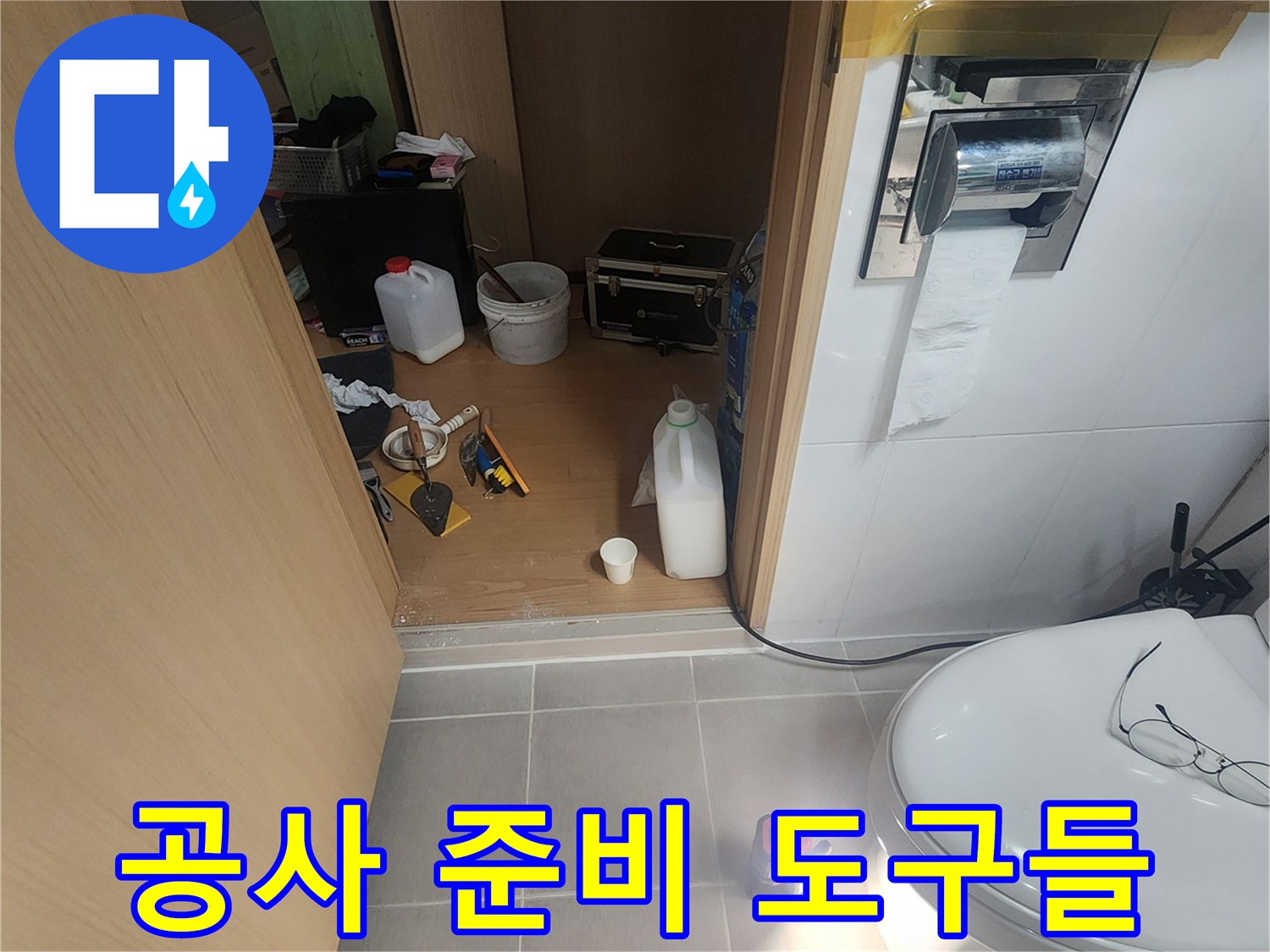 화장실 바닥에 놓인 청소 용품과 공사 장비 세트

----------------

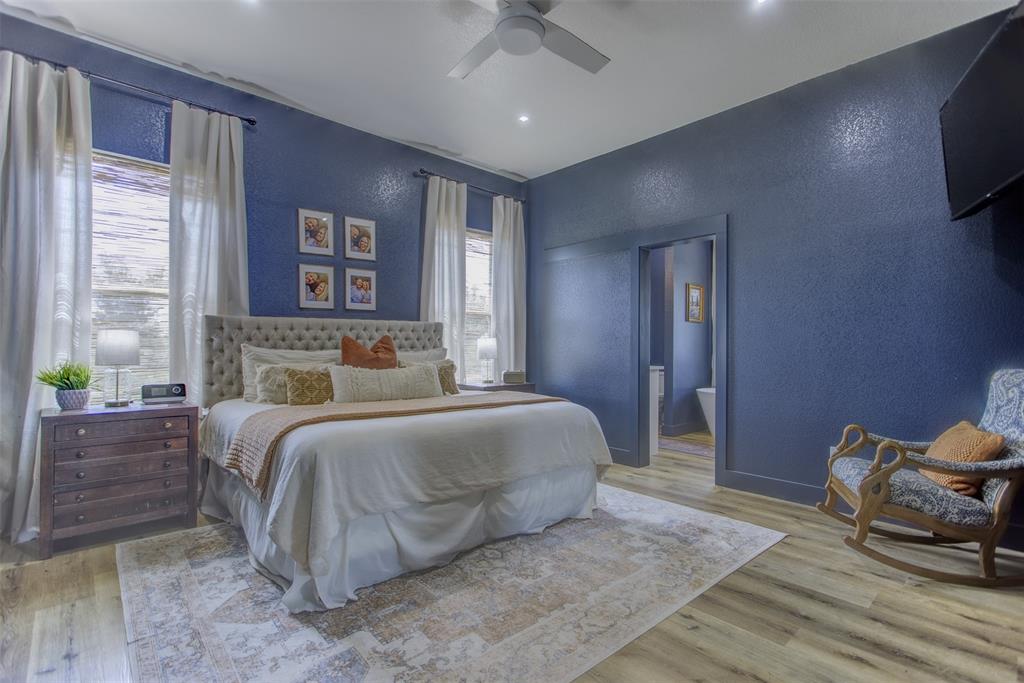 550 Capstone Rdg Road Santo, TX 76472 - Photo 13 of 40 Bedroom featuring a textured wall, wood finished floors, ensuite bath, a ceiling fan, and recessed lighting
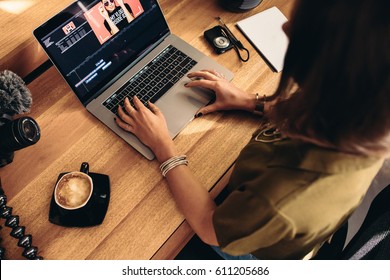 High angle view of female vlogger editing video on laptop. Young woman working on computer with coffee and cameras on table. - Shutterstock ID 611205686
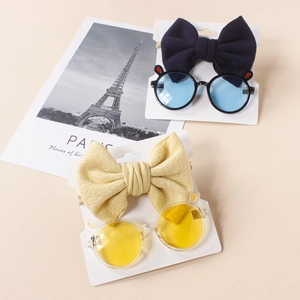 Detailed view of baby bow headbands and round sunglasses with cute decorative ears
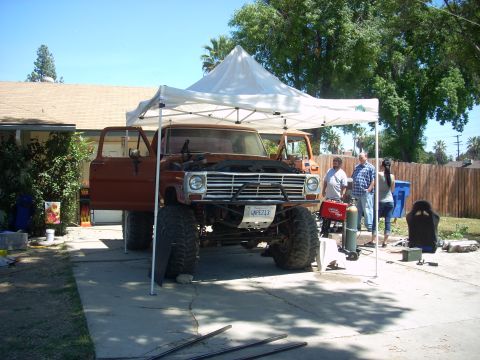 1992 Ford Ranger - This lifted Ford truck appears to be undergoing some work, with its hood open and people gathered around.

----------------

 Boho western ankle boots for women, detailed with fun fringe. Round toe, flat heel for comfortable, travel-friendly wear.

----------------

_EXERCISE DIRECTIONS:_
Return exactly the stretch above whose first line contains "550 Capstone Rdg" and whose last line contains "High angle view", and nothing outside it. The pictures should not appear.

_RESPONSE TO THE EXERCISE:_
 550 Capstone Rdg Road Santo, TX 76472 - Photo 13 of 40 Bedroom featuring a textured wall, wood finished floors, ensuite bath, a ceiling fan, and recessed lighting
 High angle view of female vlogger editing video on laptop. Young woman working on computer with coffee and cameras on table. - Shutterstock ID 611205686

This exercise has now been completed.